Classical information driven quantum dot thermal machines

We analyze the transient response of quantum dot thermal machines that can be driven by hyperfine interaction acting as a source of classical information. Our setup comprises a quantum dot coupled to two contacts that drive heat flow while coupled to a nuclear spin bath. The quantum dot thermal machines operate both as batteries and as engines, depending on the parameter range. The electrons in the quantum dot interact with the nuclear spins via hyperfine spin-flip processes as typically seen in solid state systems such as GaAs quantum dots. The hyperfine interaction in such systems, which is often treated as a deterrent for quantum information processing, can favorably be regarded as a driving agent for classical information flow into a heat engine setup. We relate this information flow to Landauer's erasure of the nuclear spin bath, leading to a battery operation. We further demonstrate that the setup can perform as a transient power source even under a voltage bias across the dot.

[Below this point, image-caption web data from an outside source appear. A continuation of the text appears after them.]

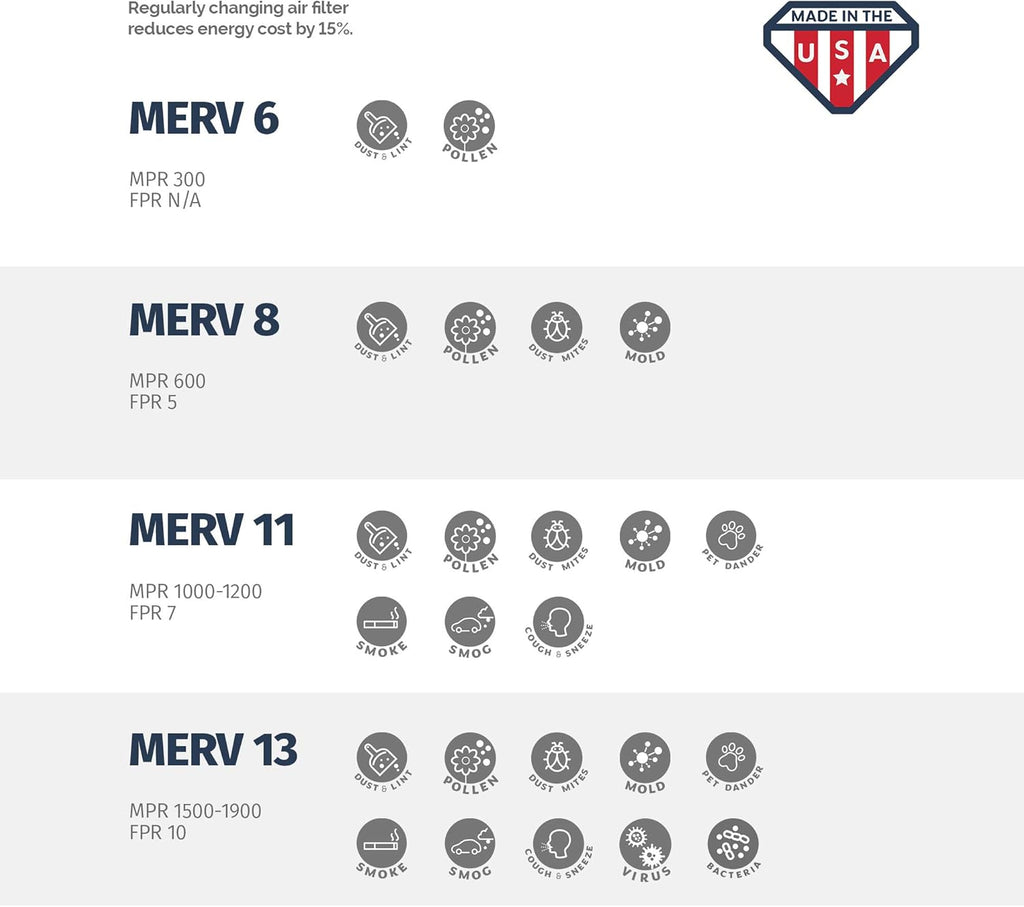 Aerostar 8x8x1 MERV 11, Pleated Air Filter, 8x8x1, Box of 6, Made in the USA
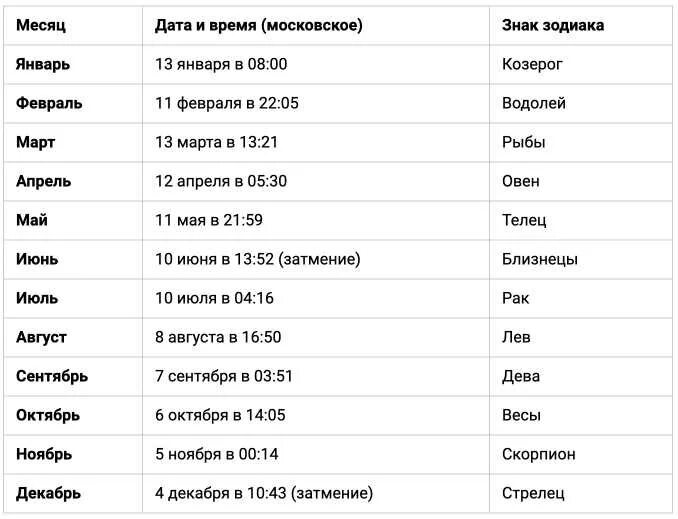 Какого числа 3 июня. Новолуния в 2022 году таблица. Новолуние даты. Новолуние в 2022 году по месяцам таблица. Новолуния в 2022 году даты и время.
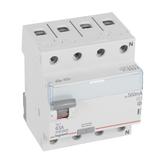 Wyłącznik Różnicowoprądowy 4P 63A 0,5A Typ AC P304 TX3 411739 LEGRAND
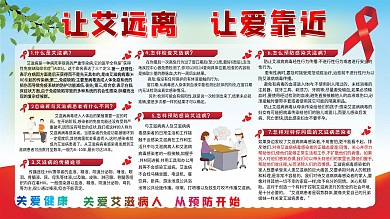 预防艾滋病知识宣传展板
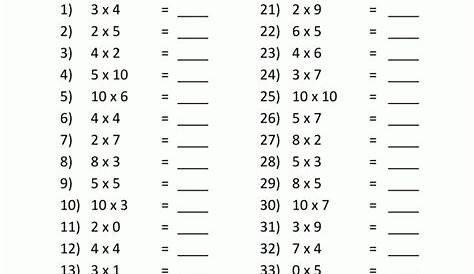 worksheet works multiplication table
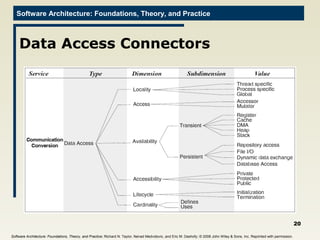 Software Architecture: Foundations, Theory, and Practice
Data Access Connectors
20
Software Architecture: Foundations, Theory, and Practice; Richard N. Taylor, Nenad Medvidovic, and Eric M. Dashofy; © 2008 John Wiley & Sons, Inc. Reprinted with permission.
 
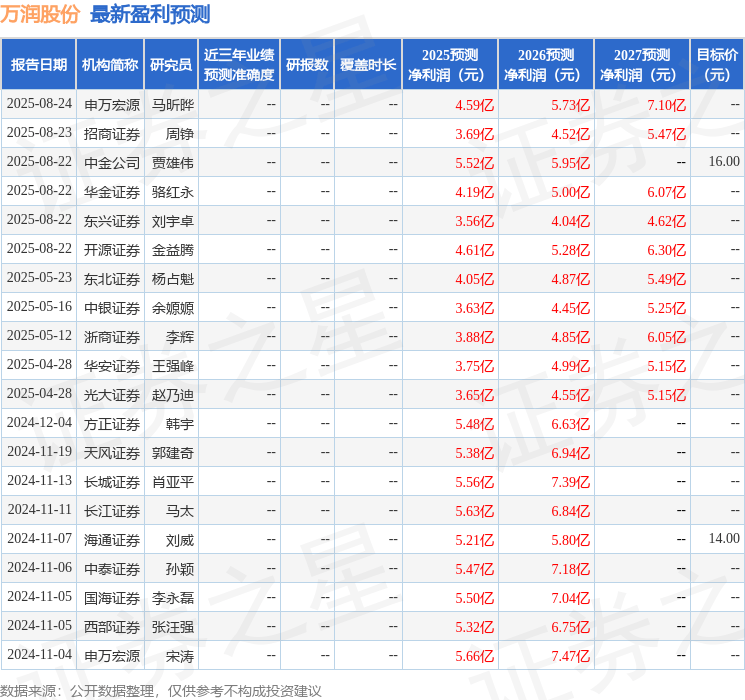 天风证券：给予万润股份买入评级
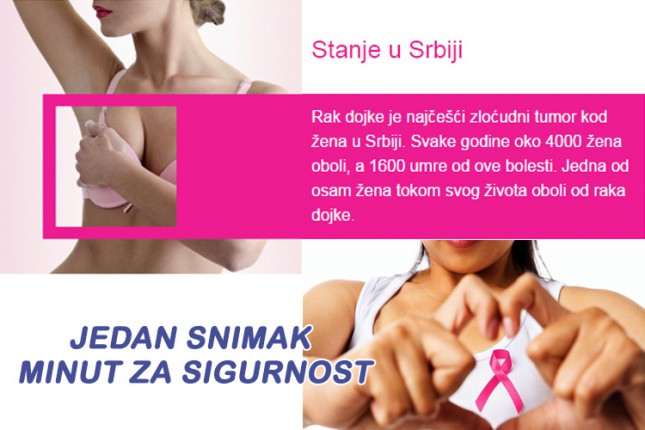 Realizacija nacionalnog skrininga raka dojke u Subotici u 2014. godini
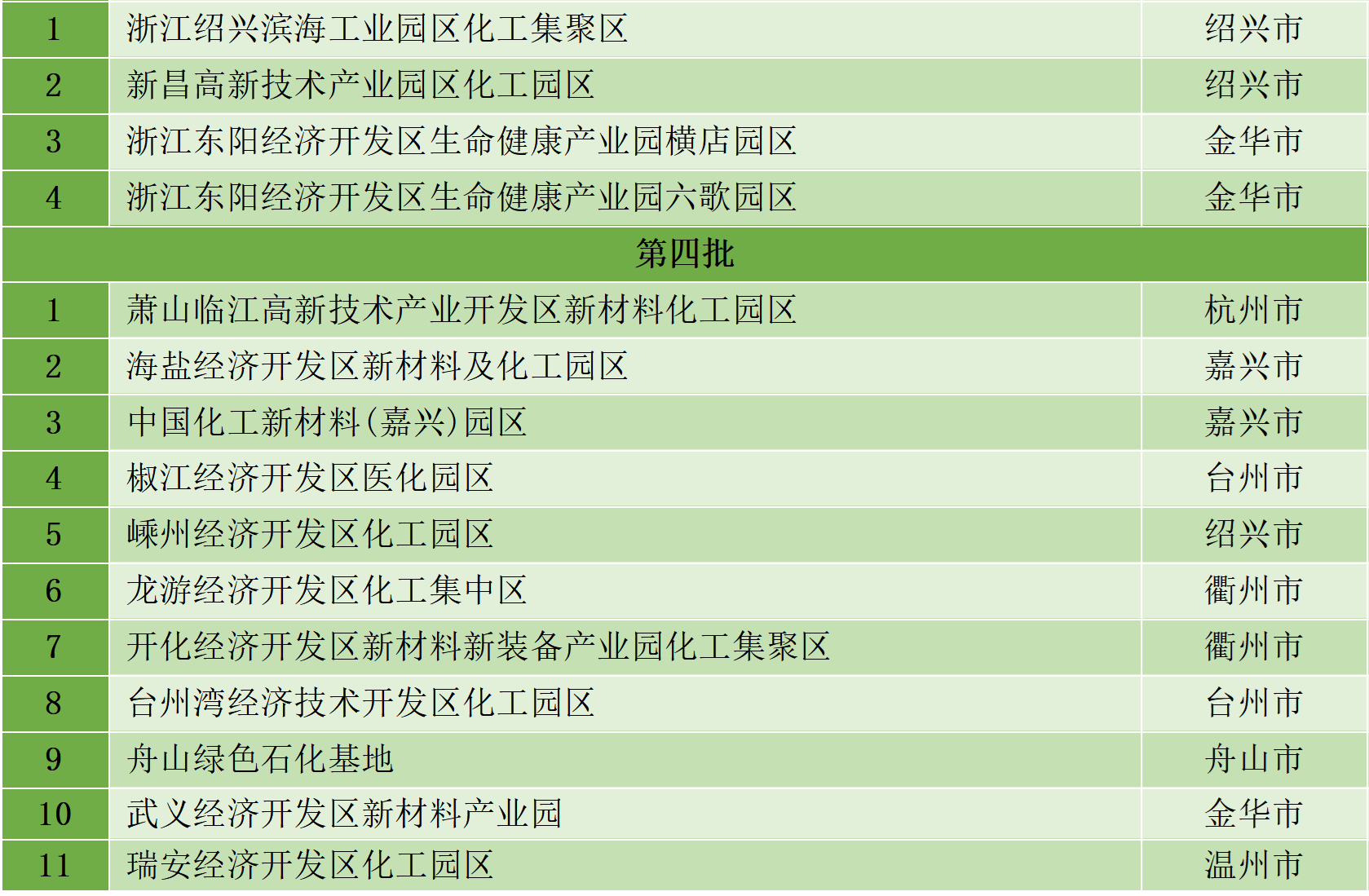 最新統(tǒng)計(jì)！全國認(rèn)定化工園區(qū)名單一覽！(圖29)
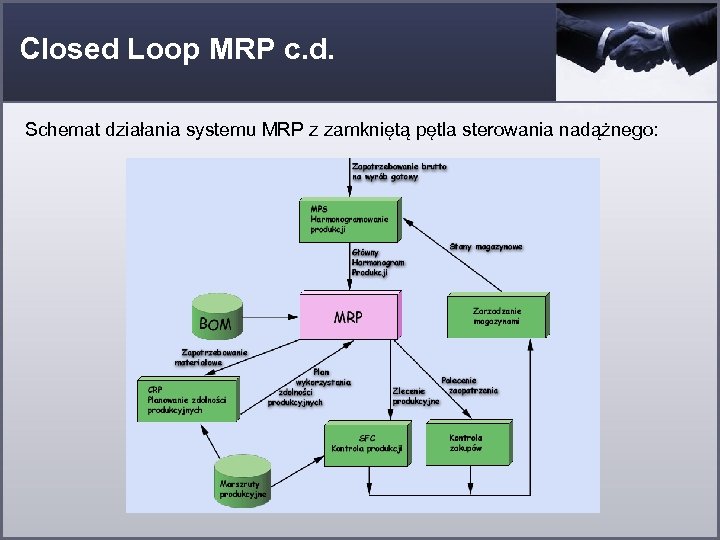 Closed Loop MRP c. d. Schemat działania systemu MRP z zamkniętą pętla sterowania nadążnego:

Focusing on the transient thermoelectric operation, our analysis clearly indicates the role of Landauer's erasure to deliver a higher output power than a conventional quantum dot thermoelectric setup and an efficiency greater than that of an identical Carnot cycle in steady state, which is consistent with recently proposed bounds on efficiency for systems subject to a feedback controller. The role of nuclear spin relaxation processes on these aspects is also studied. Finally, we introduce the Coulomb interaction in the dot and analyze the transient thermoelectric response of the system. Our results elaborate on the effective use of somewhat undesirable scattering processes as a non-equilibrium source of Shannon information flow in thermal machines and the possibilities that may arise from the use of a quantum information source.